We uploaded a physical map of the world, and only the coast, in low resolution. Let's draw it:
# Creating a map
plot([-180,180], [-90,-90], fillrange=[90,90], color=:lightblue)
# Let's draw the outline of the coast
for shape in table
x = [point.x for point in shape.geometry.points]
y = [point.y for point in shape.geometry.points]
plot!(x, y, color=:white, linewidth=0.5)
end
plot!(legend=false, grid=false, axis=false, framestyle=:none,
size=(1200, 600), xlim=(-180, 180), ylim=(-90, 90), aspect_ratio=:equal)
And add a few points and a route.:
# Adding points (example: London, New York, Moscow)
cities_lon = [-0.1276, -74.0060, 37.6176]
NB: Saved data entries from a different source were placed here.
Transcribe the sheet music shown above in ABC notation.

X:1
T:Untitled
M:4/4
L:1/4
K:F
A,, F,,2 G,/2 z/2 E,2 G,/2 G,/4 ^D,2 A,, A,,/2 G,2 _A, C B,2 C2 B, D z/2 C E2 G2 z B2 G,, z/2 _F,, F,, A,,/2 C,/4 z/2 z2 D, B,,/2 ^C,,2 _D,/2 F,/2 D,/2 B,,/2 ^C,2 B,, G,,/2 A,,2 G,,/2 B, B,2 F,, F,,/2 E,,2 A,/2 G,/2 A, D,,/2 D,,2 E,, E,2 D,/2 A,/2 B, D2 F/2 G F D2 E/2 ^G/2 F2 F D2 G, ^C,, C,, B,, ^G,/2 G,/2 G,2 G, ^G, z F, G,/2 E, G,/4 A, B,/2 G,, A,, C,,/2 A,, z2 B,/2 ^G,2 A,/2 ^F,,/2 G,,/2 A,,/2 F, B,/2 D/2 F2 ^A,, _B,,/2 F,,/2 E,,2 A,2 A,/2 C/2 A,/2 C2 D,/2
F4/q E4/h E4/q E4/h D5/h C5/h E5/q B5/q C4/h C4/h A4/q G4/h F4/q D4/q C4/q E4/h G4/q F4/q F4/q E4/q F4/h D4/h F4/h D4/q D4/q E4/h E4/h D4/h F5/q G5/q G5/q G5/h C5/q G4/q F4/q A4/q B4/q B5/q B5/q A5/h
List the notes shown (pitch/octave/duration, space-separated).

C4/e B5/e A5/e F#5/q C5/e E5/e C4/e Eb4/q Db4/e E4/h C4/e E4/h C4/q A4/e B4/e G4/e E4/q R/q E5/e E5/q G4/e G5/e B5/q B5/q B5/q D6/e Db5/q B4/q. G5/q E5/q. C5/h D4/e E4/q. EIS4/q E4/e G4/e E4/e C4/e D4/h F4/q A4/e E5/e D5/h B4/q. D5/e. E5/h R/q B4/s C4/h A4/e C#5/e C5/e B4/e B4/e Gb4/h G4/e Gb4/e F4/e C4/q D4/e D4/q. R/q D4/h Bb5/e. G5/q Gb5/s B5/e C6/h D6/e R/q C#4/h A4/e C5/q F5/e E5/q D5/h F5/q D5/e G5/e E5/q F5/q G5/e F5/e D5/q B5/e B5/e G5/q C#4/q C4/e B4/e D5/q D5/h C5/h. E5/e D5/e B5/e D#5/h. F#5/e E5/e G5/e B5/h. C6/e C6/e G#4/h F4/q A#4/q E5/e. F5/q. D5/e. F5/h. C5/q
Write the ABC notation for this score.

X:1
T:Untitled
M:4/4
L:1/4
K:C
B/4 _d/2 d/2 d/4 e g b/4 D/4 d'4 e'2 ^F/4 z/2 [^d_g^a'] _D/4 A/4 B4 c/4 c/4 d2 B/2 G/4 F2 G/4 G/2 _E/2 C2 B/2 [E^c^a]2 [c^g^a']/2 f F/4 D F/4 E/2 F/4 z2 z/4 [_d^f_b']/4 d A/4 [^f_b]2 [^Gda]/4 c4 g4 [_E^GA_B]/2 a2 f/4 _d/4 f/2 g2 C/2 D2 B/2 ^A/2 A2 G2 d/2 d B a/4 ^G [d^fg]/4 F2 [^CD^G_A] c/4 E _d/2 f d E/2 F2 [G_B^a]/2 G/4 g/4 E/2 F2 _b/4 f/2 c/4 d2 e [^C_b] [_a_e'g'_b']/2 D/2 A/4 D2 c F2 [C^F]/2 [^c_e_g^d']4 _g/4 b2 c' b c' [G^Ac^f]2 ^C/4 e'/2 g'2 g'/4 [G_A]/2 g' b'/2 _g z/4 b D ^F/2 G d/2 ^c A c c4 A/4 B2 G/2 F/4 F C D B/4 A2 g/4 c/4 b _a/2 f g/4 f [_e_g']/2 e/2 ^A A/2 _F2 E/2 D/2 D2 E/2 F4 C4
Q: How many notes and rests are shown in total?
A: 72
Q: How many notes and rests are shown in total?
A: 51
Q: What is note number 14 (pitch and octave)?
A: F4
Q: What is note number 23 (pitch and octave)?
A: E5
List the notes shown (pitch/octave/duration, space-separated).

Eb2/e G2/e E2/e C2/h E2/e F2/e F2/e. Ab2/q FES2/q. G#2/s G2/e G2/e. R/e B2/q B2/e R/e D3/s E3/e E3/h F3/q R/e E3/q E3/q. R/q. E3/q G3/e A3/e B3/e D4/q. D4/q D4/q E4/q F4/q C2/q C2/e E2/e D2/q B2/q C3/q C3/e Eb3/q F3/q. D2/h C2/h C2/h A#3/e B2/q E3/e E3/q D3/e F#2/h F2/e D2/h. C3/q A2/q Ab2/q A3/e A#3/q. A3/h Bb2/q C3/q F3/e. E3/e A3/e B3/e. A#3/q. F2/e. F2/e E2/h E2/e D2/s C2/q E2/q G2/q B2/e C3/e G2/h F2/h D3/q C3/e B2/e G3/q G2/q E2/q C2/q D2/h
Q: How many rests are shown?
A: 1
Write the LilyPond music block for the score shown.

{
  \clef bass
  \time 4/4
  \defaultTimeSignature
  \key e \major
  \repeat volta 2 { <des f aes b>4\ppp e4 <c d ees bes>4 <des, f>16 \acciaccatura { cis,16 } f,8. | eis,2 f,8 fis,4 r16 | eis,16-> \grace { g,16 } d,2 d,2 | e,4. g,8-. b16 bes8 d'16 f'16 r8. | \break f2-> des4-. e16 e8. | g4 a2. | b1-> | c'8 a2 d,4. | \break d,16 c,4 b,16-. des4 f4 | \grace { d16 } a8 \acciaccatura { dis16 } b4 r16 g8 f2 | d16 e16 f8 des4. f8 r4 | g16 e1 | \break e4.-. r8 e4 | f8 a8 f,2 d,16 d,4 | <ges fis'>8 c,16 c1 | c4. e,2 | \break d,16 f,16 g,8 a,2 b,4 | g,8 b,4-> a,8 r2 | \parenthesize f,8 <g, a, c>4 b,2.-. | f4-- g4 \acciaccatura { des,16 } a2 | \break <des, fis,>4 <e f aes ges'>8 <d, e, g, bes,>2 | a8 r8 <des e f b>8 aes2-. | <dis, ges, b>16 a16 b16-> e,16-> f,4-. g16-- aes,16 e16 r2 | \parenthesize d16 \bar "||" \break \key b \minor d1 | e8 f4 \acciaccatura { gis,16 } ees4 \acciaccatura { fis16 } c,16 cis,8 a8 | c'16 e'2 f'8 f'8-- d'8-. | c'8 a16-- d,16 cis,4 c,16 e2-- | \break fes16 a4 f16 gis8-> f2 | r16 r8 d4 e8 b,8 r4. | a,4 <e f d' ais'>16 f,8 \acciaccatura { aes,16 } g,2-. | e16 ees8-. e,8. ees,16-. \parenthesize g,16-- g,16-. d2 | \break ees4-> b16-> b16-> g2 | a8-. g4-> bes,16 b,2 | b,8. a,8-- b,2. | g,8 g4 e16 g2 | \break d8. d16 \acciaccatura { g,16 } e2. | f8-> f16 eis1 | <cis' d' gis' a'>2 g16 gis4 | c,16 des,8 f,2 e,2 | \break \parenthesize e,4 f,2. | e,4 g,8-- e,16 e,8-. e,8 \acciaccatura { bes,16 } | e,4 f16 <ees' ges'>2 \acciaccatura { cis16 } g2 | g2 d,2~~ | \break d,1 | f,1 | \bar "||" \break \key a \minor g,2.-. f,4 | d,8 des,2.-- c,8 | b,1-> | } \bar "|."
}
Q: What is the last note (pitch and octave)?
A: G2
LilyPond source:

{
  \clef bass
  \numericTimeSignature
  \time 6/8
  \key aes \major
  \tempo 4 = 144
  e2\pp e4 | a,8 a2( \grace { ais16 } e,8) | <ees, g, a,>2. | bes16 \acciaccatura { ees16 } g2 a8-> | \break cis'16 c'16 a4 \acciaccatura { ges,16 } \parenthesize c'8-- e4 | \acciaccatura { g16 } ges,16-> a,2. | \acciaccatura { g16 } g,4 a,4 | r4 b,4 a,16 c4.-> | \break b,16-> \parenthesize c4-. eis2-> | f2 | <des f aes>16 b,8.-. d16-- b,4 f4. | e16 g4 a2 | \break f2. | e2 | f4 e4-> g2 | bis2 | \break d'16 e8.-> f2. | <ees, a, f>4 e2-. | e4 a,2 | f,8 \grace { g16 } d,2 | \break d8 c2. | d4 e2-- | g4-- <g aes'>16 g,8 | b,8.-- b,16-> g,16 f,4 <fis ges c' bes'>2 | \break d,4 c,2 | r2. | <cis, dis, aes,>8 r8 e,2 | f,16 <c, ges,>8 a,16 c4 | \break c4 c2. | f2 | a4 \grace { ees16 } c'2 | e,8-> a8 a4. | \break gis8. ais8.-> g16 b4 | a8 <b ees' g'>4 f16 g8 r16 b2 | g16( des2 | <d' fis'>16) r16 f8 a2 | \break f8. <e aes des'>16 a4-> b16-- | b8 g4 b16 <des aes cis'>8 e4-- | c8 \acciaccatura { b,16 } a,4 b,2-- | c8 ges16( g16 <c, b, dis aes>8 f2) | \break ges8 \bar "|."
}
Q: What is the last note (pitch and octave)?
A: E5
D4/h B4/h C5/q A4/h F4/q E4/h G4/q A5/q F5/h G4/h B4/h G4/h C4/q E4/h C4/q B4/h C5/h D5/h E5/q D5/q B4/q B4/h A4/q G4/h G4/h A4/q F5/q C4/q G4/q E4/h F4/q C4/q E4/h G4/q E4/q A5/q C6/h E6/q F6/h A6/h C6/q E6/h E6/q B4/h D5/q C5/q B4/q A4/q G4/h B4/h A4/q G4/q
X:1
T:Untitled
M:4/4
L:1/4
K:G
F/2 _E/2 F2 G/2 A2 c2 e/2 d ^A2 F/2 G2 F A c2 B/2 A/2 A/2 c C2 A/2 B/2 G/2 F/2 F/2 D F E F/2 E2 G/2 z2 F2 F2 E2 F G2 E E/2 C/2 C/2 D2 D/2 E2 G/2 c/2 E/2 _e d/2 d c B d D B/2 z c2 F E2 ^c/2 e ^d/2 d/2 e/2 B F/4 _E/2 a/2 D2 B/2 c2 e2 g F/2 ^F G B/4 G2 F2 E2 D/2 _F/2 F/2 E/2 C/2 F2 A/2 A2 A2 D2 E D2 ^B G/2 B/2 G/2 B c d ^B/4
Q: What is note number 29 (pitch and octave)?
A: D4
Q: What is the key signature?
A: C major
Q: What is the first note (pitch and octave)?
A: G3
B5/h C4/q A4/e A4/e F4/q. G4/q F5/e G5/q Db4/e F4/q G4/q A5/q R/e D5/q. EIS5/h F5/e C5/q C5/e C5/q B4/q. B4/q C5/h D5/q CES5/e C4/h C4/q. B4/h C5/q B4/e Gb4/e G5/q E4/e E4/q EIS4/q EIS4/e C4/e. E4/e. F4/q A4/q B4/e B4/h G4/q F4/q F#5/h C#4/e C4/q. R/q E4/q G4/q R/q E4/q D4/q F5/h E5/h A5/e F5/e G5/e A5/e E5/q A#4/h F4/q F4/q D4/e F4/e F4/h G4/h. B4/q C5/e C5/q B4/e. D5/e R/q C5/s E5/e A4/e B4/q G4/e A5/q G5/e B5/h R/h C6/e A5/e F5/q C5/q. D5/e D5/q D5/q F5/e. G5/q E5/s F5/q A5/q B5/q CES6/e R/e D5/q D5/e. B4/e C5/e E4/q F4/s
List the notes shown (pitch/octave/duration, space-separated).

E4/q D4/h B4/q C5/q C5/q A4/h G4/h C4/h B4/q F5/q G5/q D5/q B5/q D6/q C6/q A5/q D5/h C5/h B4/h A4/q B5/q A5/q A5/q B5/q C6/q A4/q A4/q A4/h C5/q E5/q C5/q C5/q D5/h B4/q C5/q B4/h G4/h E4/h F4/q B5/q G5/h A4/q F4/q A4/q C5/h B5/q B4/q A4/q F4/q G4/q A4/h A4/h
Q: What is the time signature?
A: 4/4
cities_lat = [51.5072, 40.7128, 55.7558]
city_names = ["London", "new york", "Moscow"]
scatter!( cities_lon, cities_lat, color=:red, markersize=5, label="Cities")
# Adding a line (example: route)
route_lon = [-0.1276, 37.6176] # London -> Moscow
route_lat = [51.5072, 55.7558]
plot!(route_lon, route_lat, color=:blue, linewidth=2, label="Route")
# We sign the names of cities
for c in zip(cities_lon, cities_lat, city_names)
annotate!(c[1], c[2], text(c[3], 8, :bottom))
end
plot!()
Map output in other projections
In order to display vector information in another projection, it is enough to create an object that will transform coordinates and apply it to each pair of coordinates. We will perform this operation using the library. Proj and we will build a map in several projections, also drawing the equator line and displaying the location of the points of interest on the map.
Pkg.add("Proj")
using Proj
# Defining projections
projections = [
("Mercator", "+proj=merc +lon_0=0 +lat_ts=0 +x_0=0 +y_0=0"),
("Robinson", "+proj=robin +lon_0=0 +x_0=0 +y_0=0"),
("Mollweide", "+proj=moll +lon_0=0 +x_0=0 +y_0=0"),
("Orthographic (spherical)", "+proj=ortho +lat_0=30 +lon_0=0"),
("Eckert IV (pseudo-cylindrical)", "+proj=eck4 +lon_0=0"),
("Winkel Tripel (compromise)", "+proj=wintri +lon_0=0"),
("Sinusoidal (equilateral)", "+proj=sinu +lon_0=0"),
("Azimuthal Equidistant (azimuthal)", "+proj=aeqd +lat_0=0 +lon_0=0")
]
# Creating an array of subgraphs
plt = plot(layout=(ceil(Int32, length(projections) / 2),2), size=(800, 1200))
for (i, (name, proj)) in enumerate(projections)
trans = Proj.Transformation("+proj=longlat", proj)
# Specifying the current subgraph
subplot = plt[i]
for shape in table
x = [point.x for point in shape.geometry.points]
y = [point.y for point in shape.geometry.points]
xy_transf = trans.(x, y)
xx,yy = getindex.(xy_transf, 1), getindex.(xy_transf, 2)
plot!(subplot, xx, yy, c=1, lw=0.5, fill=:lightblue, title=name, legend=false, grid=false, framestyle=:none)
end
# Adding the equator
lons = range(-180, 180, length=100)
lats = zeros(100)
line_transf = trans.(lons, lats)
x_line, y_line = getindex.(line_transf, 1), getindex.(line_transf, 2)
plot!(subplot, x_line, y_line, c=:red, lw=2, label="Equator")
# Adding markers
cities_transf = trans.(cities_lon, cities_lat)
cities_x = getindex.(cities_transf, 1)
cities_y = getindex.(cities_transf, 2)
scatter!(subplot, cities_x, cities_y, color=:red, markersize=5, label="Cities")
for c in zip( cities_x, cities_y, city_names)
annotate!(subplot, c[1], c[2], text(c[3], 8, :bottom))
end
end
display(plt)
Conclusion
In many projects (for example, those dedicated to navigation), information output performed in such a simple way may be useful. And having mastered the language of the Proj library, you can flexibly transform the coordinates of points and output them using the usual library tools. Plots.